- _SUPPLIED INFORMATION_:
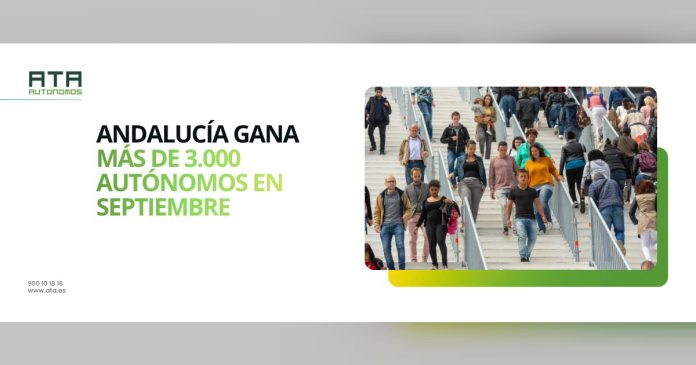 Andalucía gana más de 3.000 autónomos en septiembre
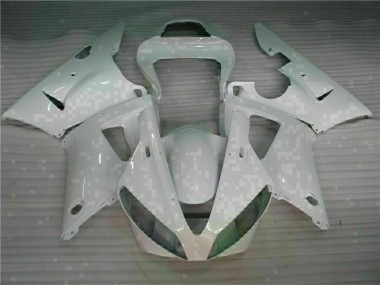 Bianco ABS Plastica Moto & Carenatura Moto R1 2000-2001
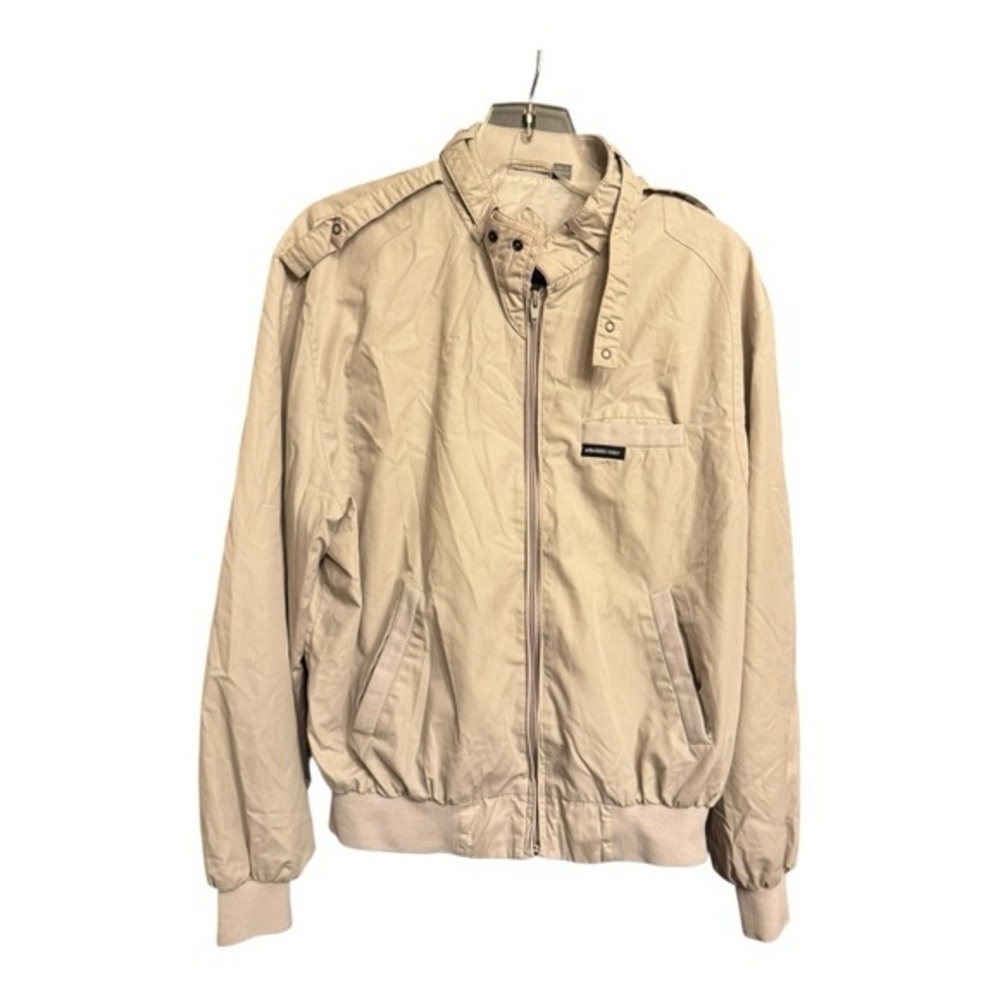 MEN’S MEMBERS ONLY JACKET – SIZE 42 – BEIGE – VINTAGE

- _TASK DETAILS_:
What the answer needs is every line from the one containing "Bianco ABS Plastica" through the final line of the data above, copied exactly, without pictures.

- _PROBLEM SOLUTION_:
 Bianco ABS Plastica Moto & Carenatura Moto R1 2000-2001
 MEN’S MEMBERS ONLY JACKET – SIZE 42 – BEIGE – VINTAGE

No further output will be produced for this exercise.